As I see the problem, you have two points in space and you would like a logarithmic spiral to pass through them at specified polar angles. We have four parameters at our disposal: flair coefficient, $b$, scale, say $e^a$, rotation, $e^{i\alpha}$, and translation, s. Then we can write the equation for a logarithmic spiral in the complex plane as
$$z=e^ae^{(b+i)\theta}e^{i\alpha}+s$$
The first thing we can do is to simplify this by using a complex flair coefficient, say $B$, so that we can dispense with the rotation. Then
$$z=e^ae^{(B+i)\theta}+s$$
Note that this no longer a true logarithmic spiral because $e^{i\Im\{B\}\theta} \ne e^{i\alpha}$. However, it has similar characteristics.
Applying the conditions at the specified points
$$ p_1=e^ae^{(B+i))\theta_1}+s\\ p_2=e^ae^{(B+i))\theta_2}+s $$
we see that we have two equations in three unknowns: $a,B,s$. These equations are intractable until an additional condition is specified.

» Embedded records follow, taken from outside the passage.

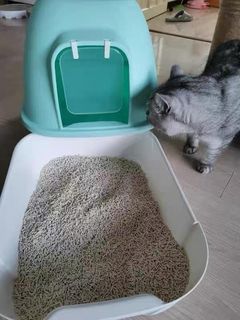 (Category: ) located in . Submitted by catwarehouse (Listing ID 1234411887, Image 1). Description: .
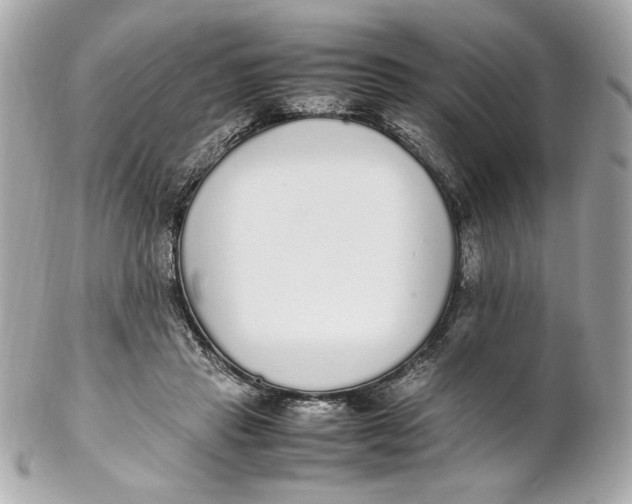 X0000102250453200808151821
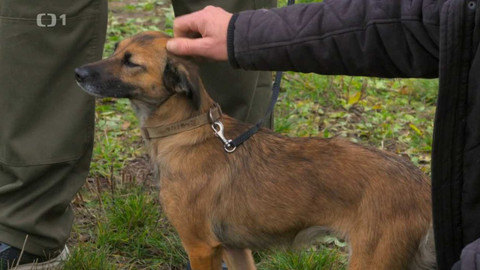 Kočka není pes - Nečistotný Felix a bázlivá Šagina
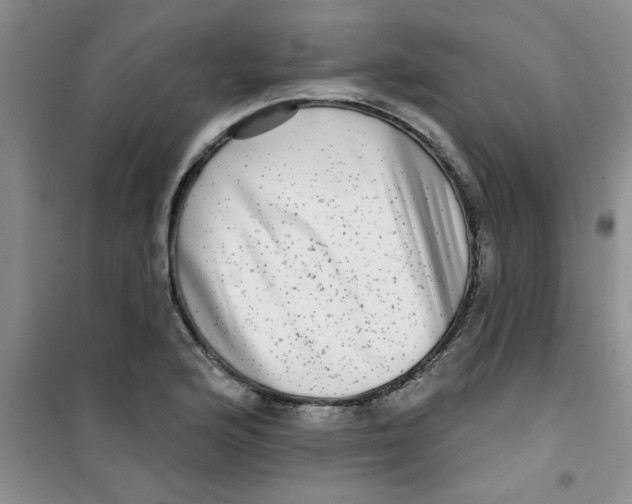 X0000100971176200807221202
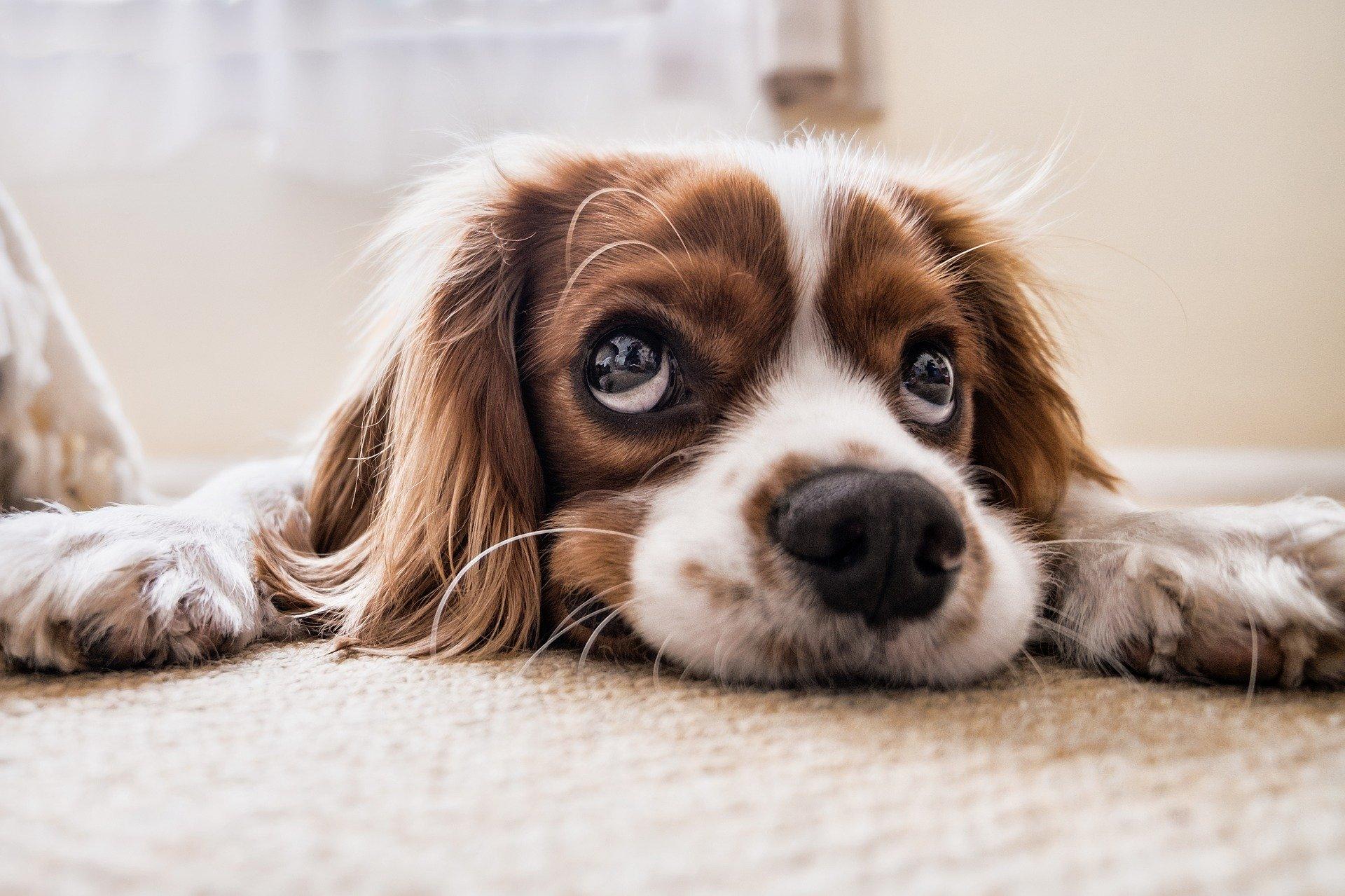 Cele 8 întrebări la care trebuie să răspunzi înainte să adopți un animal de companie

Let me suggest a simpler problem that may meet your needs. Consider that the spiral starts at $p_1$ and passes through $p_2$ and the specified polar angle $\theta_2$. The we have simply
$$ z=p_1e^{(B+i)\theta}\\ p_2=p_1e^{(B+i)\theta_2}\\ \text{so that}\\ B=\frac{\ln(p_2/p_1)}{\theta_2}-i $$
And if you want the flair coefficient,
$$b=\Re\{B\}$$
I have tested this with random $p_{1,2}$ and $\theta_2$.